13

Trent and Donna both worked day jobs. Trent ran a construction crew, building new houses to replace the ones that had been destroyed when Bitter Creek—normally a trickle at the bottom of a crumbling gully—had flooded after a week of intense thunderstorms the previous summer; and Donna sold jewelry in the White Mountain shopping mall on the west side of town. They had both offered to stay home and help Judy and Allen plan their next move, but there was really very little they could do, and besides, calling in sick could cause more suspicion than it was worth. So they left their guests in the house when they went out in the morning, with instructions to make themselves at home. Judy thought she saw a vague what-have-we-gotten-ourselves-into expression on their faces when they left, but if they were thinking that, they never betrayed it in their words or actions.

As soon as their cars had rolled away up the street, though, she turned to Allen and said, “We’ve got to find a place of our own. We can’t impose on them forever.”

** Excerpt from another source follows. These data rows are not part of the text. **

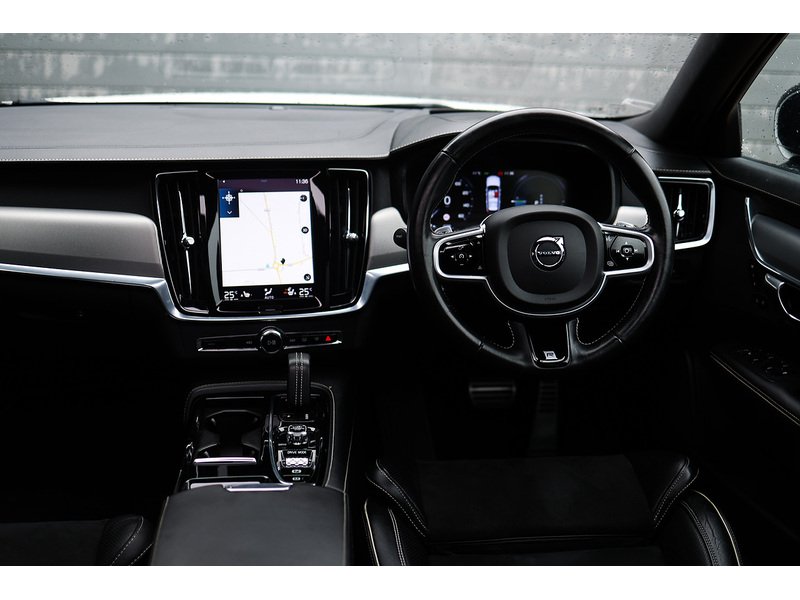 Volvo V90 h T8 Twin Engine R-Design Plus - U15383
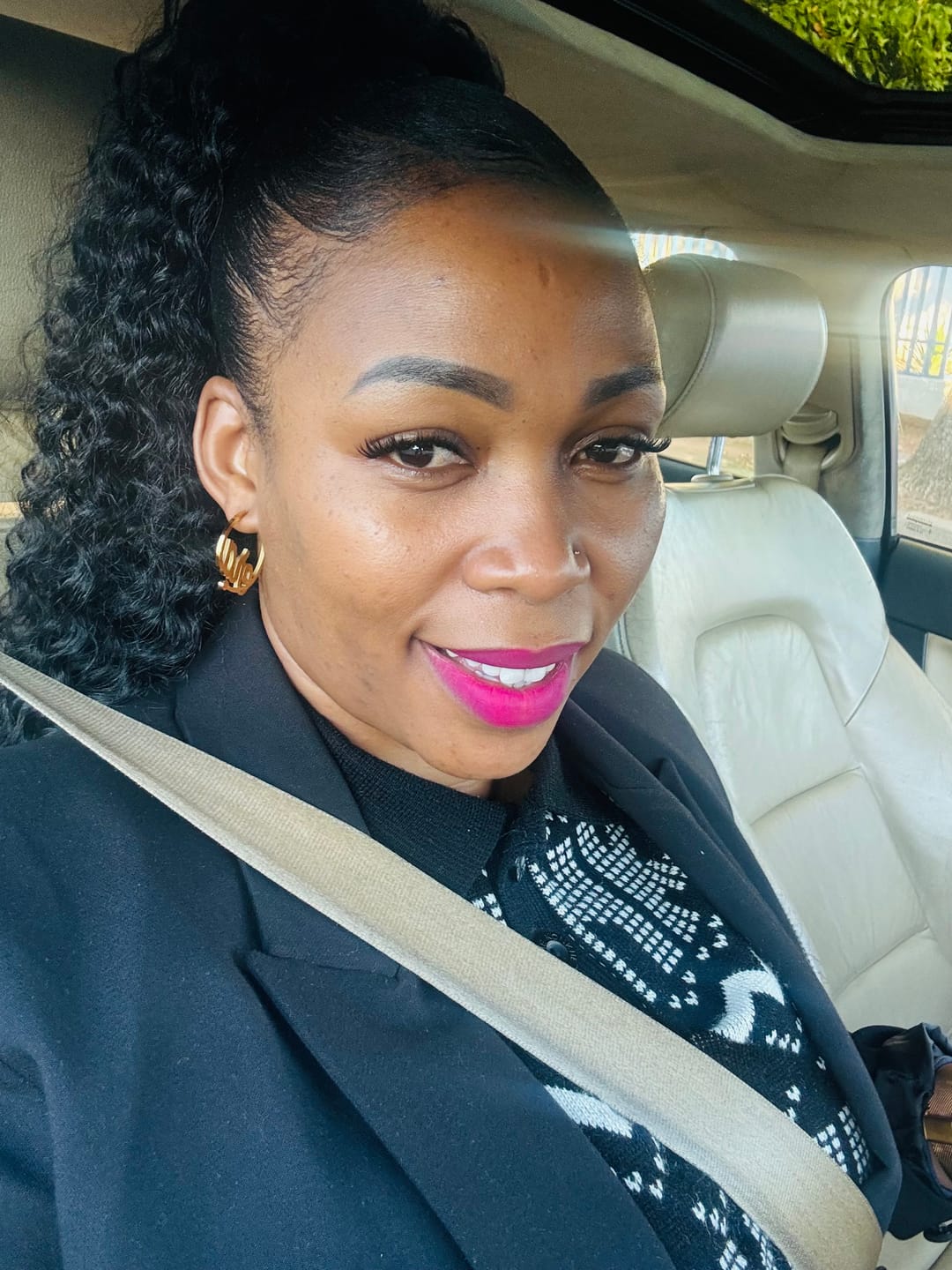Customer photo review of Gold Mini Era Logo Hoops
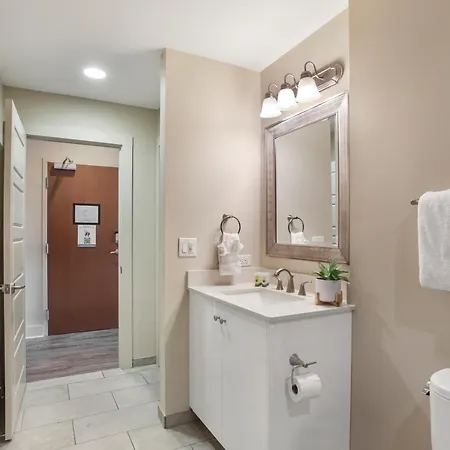Apartment Ideal Next Door To French Quarter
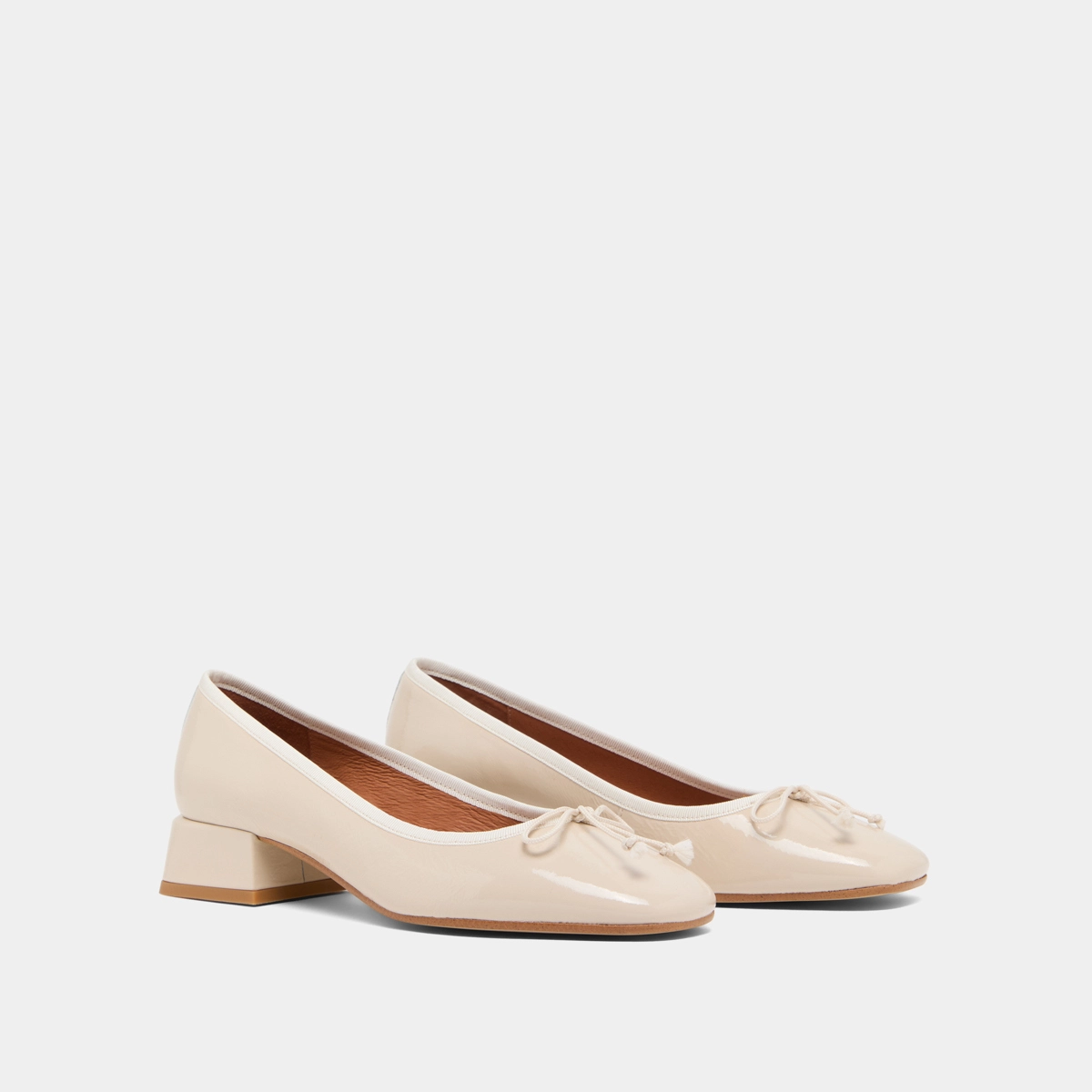 Ballet flats with low heels in ecru pleated patent | DYBIL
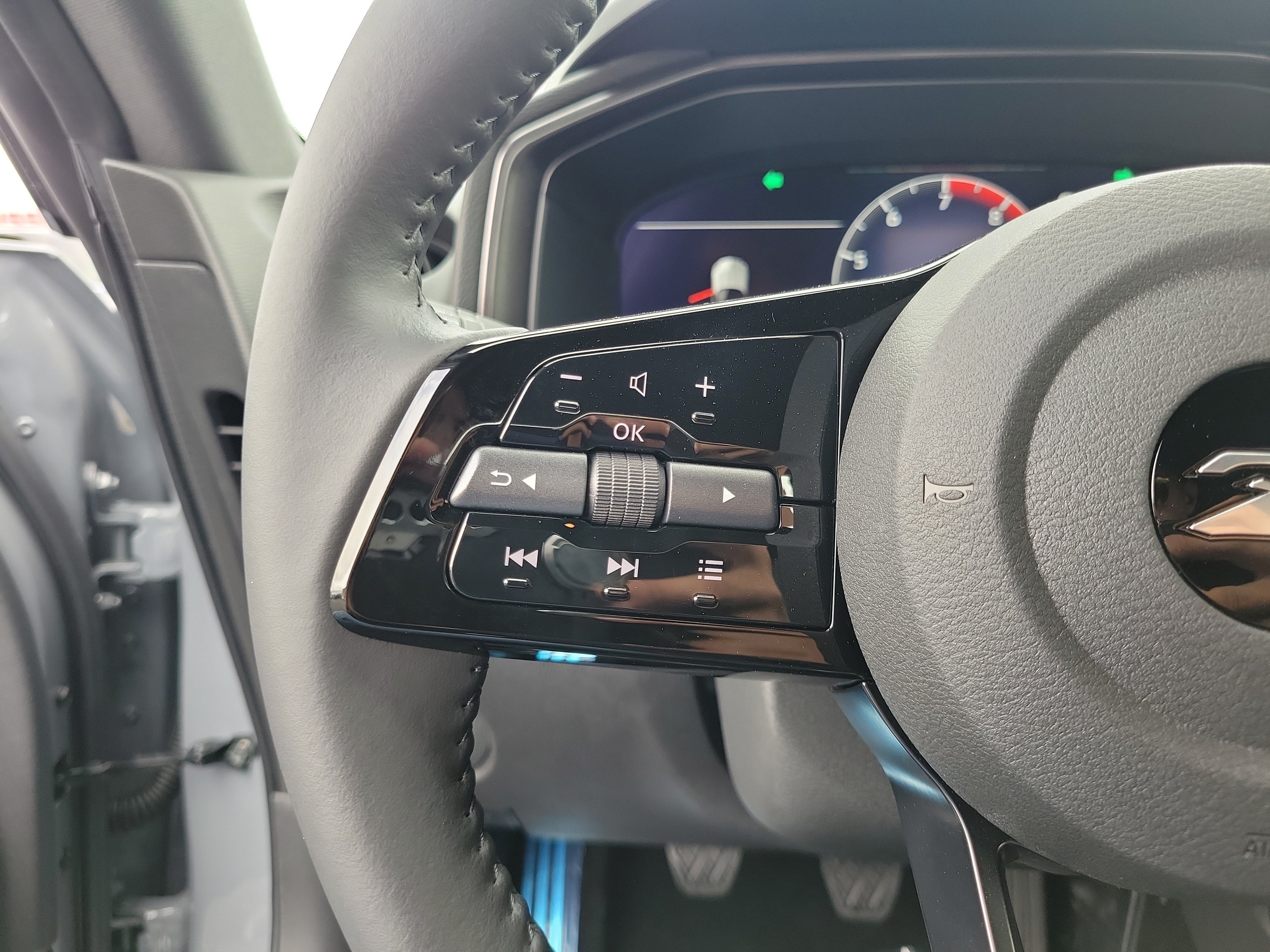 New 2026 Nissan Z Sport w/ Floor Mat Package RWD image 17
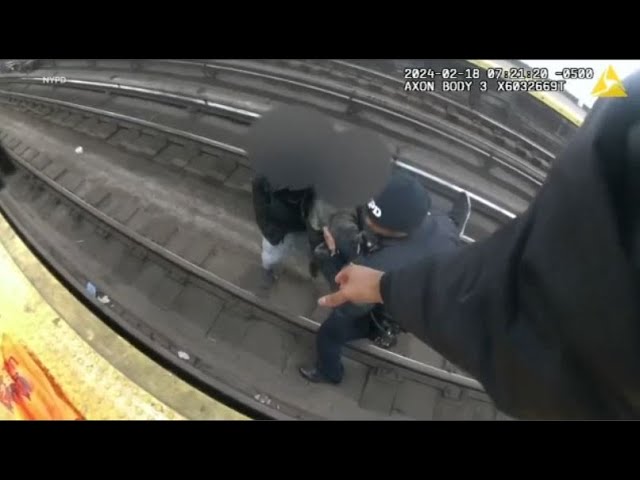 NYC police officers rescue man who stumbled onto subway tracks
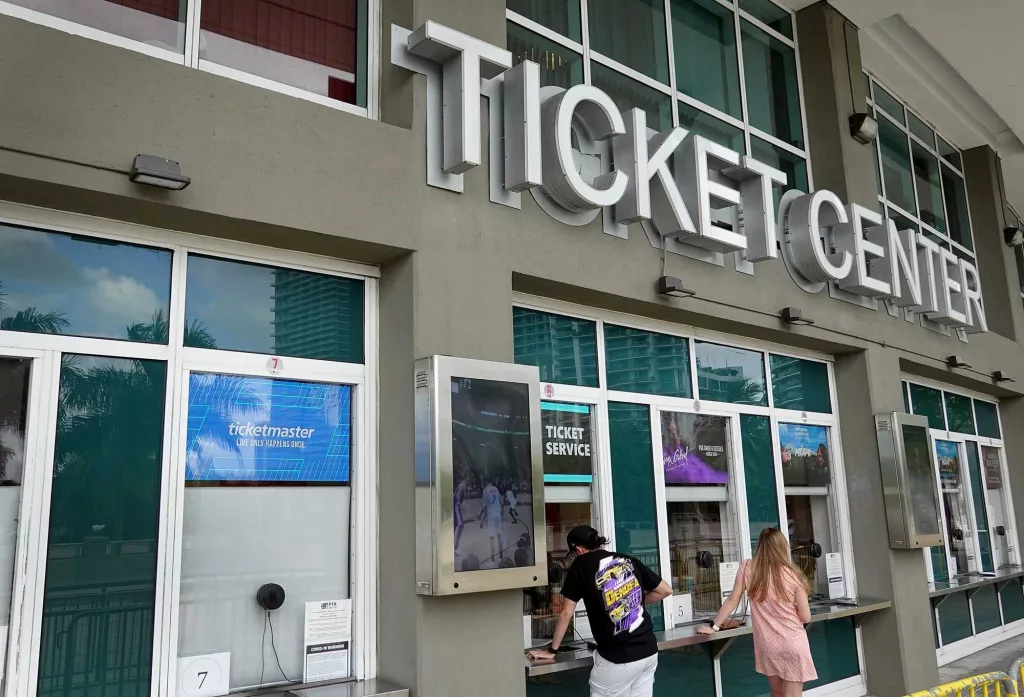 FTC bans hidden junk fees in hotel and ticket bookings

Allen said, “Right. Fish and visitors stink after three days. But if we’re lucky, we won’t have to be here much longer.”

“Oh?”

“I’ve got friends all over the world. Somebody’s bound to be able to help us.” He went to the closet by the front door and rummaged through the coats there, eventually pulling out a brown and black leather jacket for himself and a puffy pink nylon coat for Judy. Hers had a hood with a fur ruff around it; to cover his own head he took one of two well-used black cowboy hats off the closet shelf.

“Where are we going?” Judy asked him, eyeing the coat dubiously.

“We need to make some phone calls that can’t be traced back to here.”


They cut the map out of the phone book so they could find their way around town, then bundled up and headed out into the winter cold. Judy looked like a flamingo in Donna’s pink coat, and Allen looked like a beach bum doing a Clint Eastwood imitation, but nobody on the street paid them any special attention. Evidently people in Wyoming were used to funny-looking clothes, or else too polite to mention it.

There was one advantage to cowboy clothes: anyone looking for two downed astronauts would have a heck of a time getting past their first impressions to even bother looking at Judy’s or Allen’s faces.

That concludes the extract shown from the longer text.